Return each line of the data below exactly, omitting any pictures.

──────── Data provided ────────

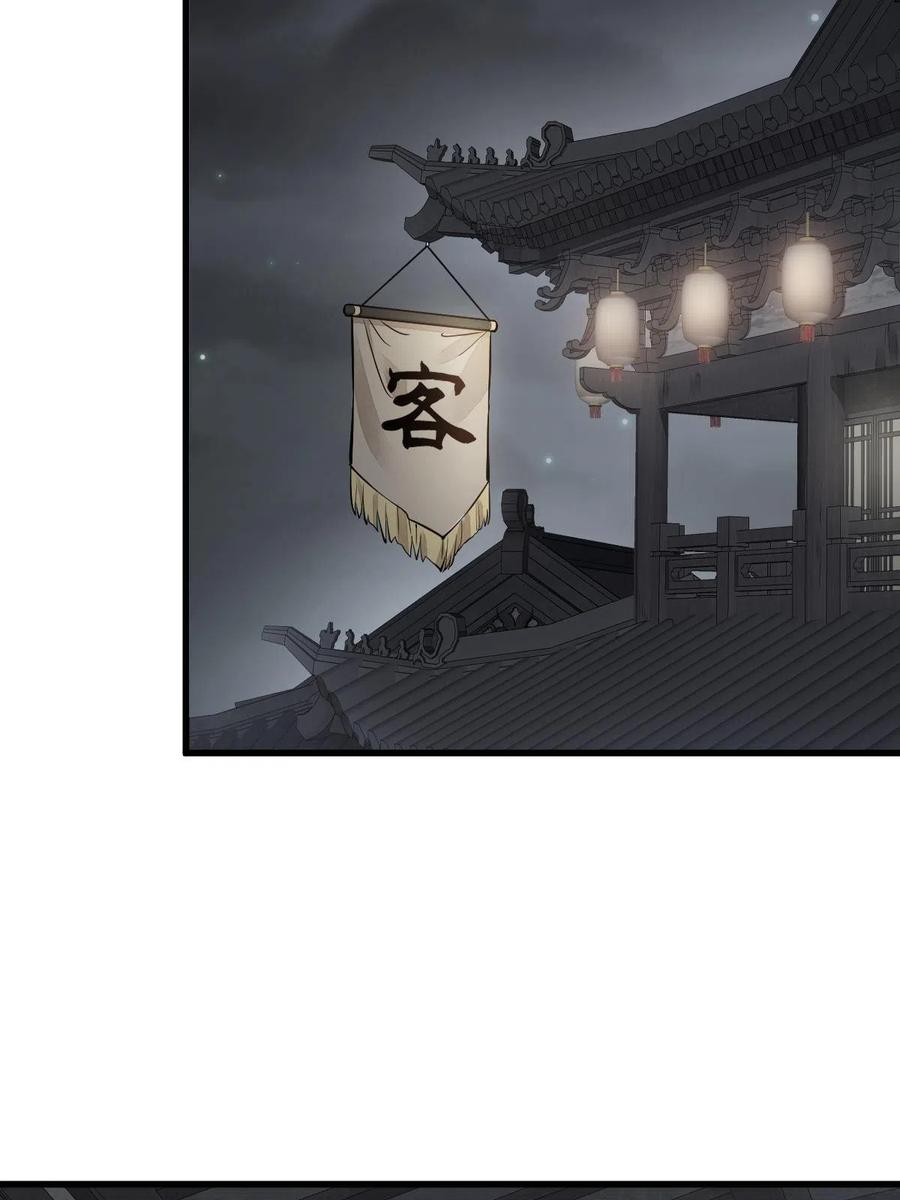 《烂柯棋缘》第175话 第20页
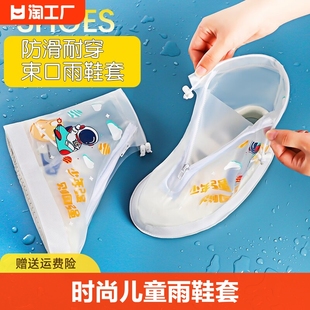 儿童雨鞋套防水防滑男童女童防雨脚套宝宝小学生加厚耐磨高筒雨靴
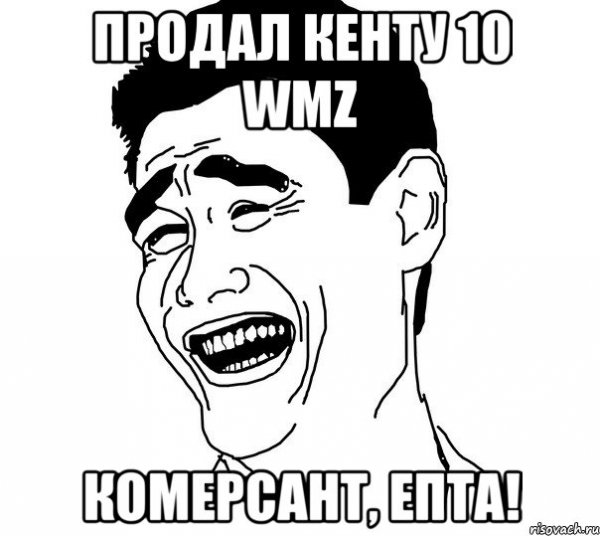 Настоящие мужчины в гараже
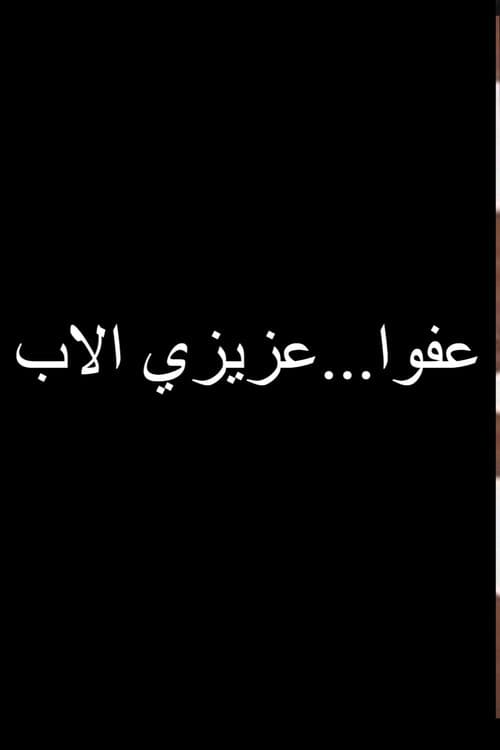 Poster for عفوا عزيزي الاب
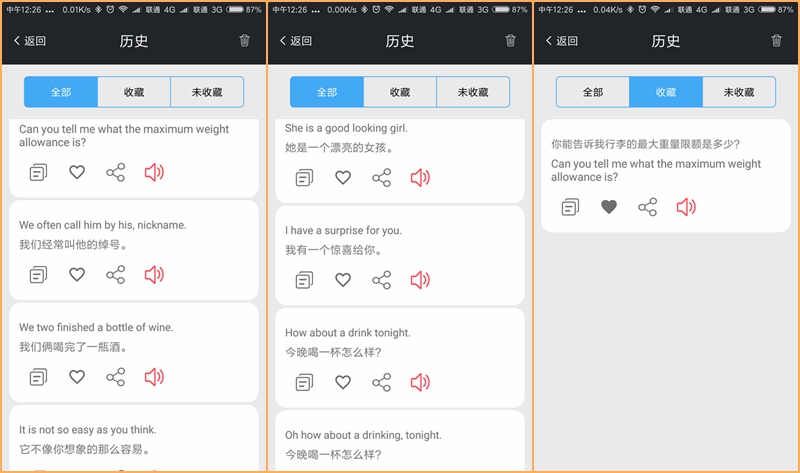 最具性价比的翻译机，没有之一，飚王SSKHello翻译机试用评测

────────

**Result for this exercise:**
 《烂柯棋缘》第175话 第20页
 儿童雨鞋套防水防滑男童女童防雨脚套宝宝小学生加厚耐磨高筒雨靴
 Настоящие мужчины в гараже
 Poster for عفوا عزيزي الاب
 最具性价比的翻译机，没有之一，飚王SSKHello翻译机试用评测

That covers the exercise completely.